Histological spectrum of ependymomas and correlation of p53 and Ki- 67 expression with ependymoma grade and subtype

Vaishali S Suri1, Medha Tatke1, Daljit Singh2, Ajay Sharma2,  
1 Department of Pathology, G. B. Pant Hospital, New Delhi - 110002, India
2 Department of Neurosurgery, G. B. Pant Hospital, New Delhi - 110002, India

Correspondence Address:
Medha Tatke
Department of Pathology, G. B. Pant Hospital, New Delhi - 110002
India

Abstract

BACKGROUND : Clinical and histological criteria for ependymoma prognosis are well recognized. Recently few studies have been done based on Immunohistochemistry for prognostication of these tumours. In this study we have correlated the histlogical spectrum with immmunoexpression of p53 and Ki67 in these tumors. AIMS : To know the incidence of ependymomas; study their morphological spectrum and to evaluate expression of P53 and Ki 67 in diffferent morphological subtypes. MATERIAL AND METHOD : A retrospective sudy was preformed on 70 ependymomas received in a period between 1994 and 2001. Entire tissue received was processed for routine paraffin embedded H&E stained sections. Immunocytochemistry was performed using antibodies to GFAP, EMA, Pancytokeratin and synaptophysin, to differentiate papillary ependymoma from choroid plexus papilloma; clear cell ependymoma from oligodendroglioma and central neurocytoma; ependymoblastoma from other embryonal tumours. p53 and Ki-67 immunohistochemistry was performed to correlate their expression with various tumour grades and subtypes. RESULTS : There were 3 cases (4.2%) of Grade I ependymoma (2 cases of myxopapillary ependymoma and 1 case of subependymoma); 57 cases (81.5%) of ependymoma grade II (43 of these were of classical variety, 11 of clear cell ependymoma, 2 of papillary and 1 case of cellular ependymoma). There were 9 cases (12.8%) of anaplastic ependymoma (one of these was a clear cell ependymoma and 1 case (1.5%) of ependymoblastoma CONCLUSION : p53 and Ki67 indices can be used in routine diagnostic laboratories to supplement the tumor grade on histology and more studies with follow up should be performed toanalyse the prognsis of different subtypes. The expression of Ki 67 and p53 was significantly higher in anaplastic ependymomas. 4 out of 11 cases of clear cell ependymomas showed higher Ki 67 indices as compared to classical grade II ependymomas, thus further highlighting the importance of differentiating the various subtypes.



How to cite this article:
Suri VS, Tatke M, Singh D, Sharma A. Histological spectrum of ependymomas and correlation of p53 and Ki- 67 expression with ependymoma grade and subtype.Indian J Cancer 2004;41:66-71


How to cite this URL:
Suri VS, Tatke M, Singh D, Sharma A. Histological spectrum of ependymomas and correlation of p53 and Ki- 67 expression with ependymoma grade and subtype. Indian J Cancer [serial online] 2004 [cited 2020 Sep 24 ];41:66-71
Available from: http://www.indianjcancer.com/text.asp?2004/41/2/66/12348


Full Text

 Introduction



Ependymomas constitute approximately 3-5% of all intracranial malignancies and are the third most common brain tumours in children after pilocytic astrocytoma and medulloblastoma.[1],[2],[3],[4],[5] Most ependymomas in adults are intraspinal, but in children, these tumours develop preferentially in the posterior fossa where they arise from the fourth ventricle ependymal cells.[2],[6] The prognosis remains poor, regardless of introduction of radiotherapy and or chemotherapy in the treatment protocol. Age, surgical removal, tumour location and histology have been evaluated as important factors affecting survival,[7] however relevance of each of these variables and their possible combinations in limiting the prognosis are still unclear.

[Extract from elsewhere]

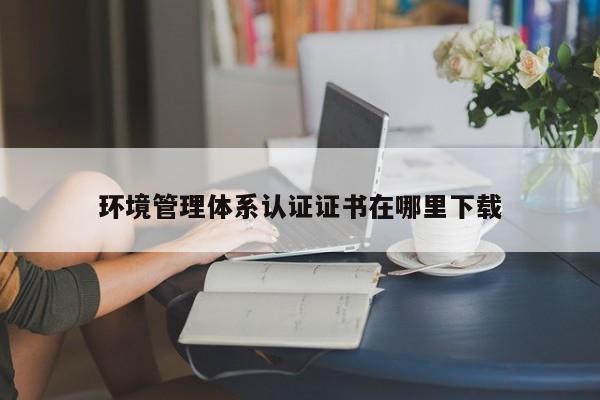 环境管理体系认证证书在哪里下载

More recently p53 and Ki -67 have been widely used as markers to predict outcome in various malignancies.[8],[9],[10] The p53 gene is a tumour suppressor gene located on the 17p13.1 and is the single most common target for genetic alterations in human cancer. Ki -67 is an established marker for proliferative index in cycling cells.[11] Its presence in large proportion of cells suggests an aggressive neoplasm.

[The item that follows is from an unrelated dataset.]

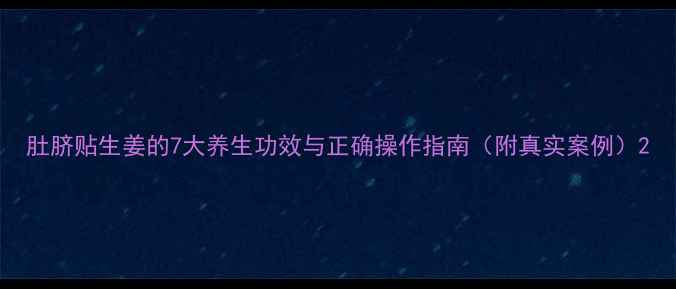 肚脐贴生姜的7大养生功效与正确操作指南附真实案例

Investigation into role of these antigens in neuroectodermal tumors have concentrated primarily on astrocytic tumors.[2],[4] Recently some authors have advocated that Ki 67 and p53 immunolabelling are important prognostic markers in ependymomas.[12],[13],[14] In present study we have studied the morphological spectrum of ependymomas and correlated p53 and Ki67 expression with various tumor grades and subtypes.

 Material and Methods



A retrospective study was conducted in Department of Pathology. G. B. Pant Hospital. New Delhi. There were 70 ependymornas out of 2679 CNS tumors received over a period of 8 years. These tumors were sent with a provisional diagnosis of choroid plexus papilloma, ependymoma, oligodendroglioma, astrocytoma, glioblastoma, meningioma, PNET, and medulloblastoma. Entire tissue received was processed for paraffin embedded sections. The diagnosis was made on H and E stained, 3-4 m thick sections. Immunocytochemistry by the labelled Streptavidin Biotin technique using antibodies to GFAP, Synaptophysin, EMA and Pancytokeratin (all were prediluted, from DAKO Carpinteria. CA) was performed. Immunocytochemistry with antibodies to p53 (prediluted, DAKO DO-7) and Ki-67 (prediluted, Novocostra. Newcastle upon Tyne) was performed to evaluate their expression in the tumour, grades and histological subtypes. Sections from Grade III Astrocytoma (for GFAP, p53 and Ki 67), normal oesophageal biopsy (for EMA), Normal cortex and white matter (for Synaptophysin ) were used as positive controls.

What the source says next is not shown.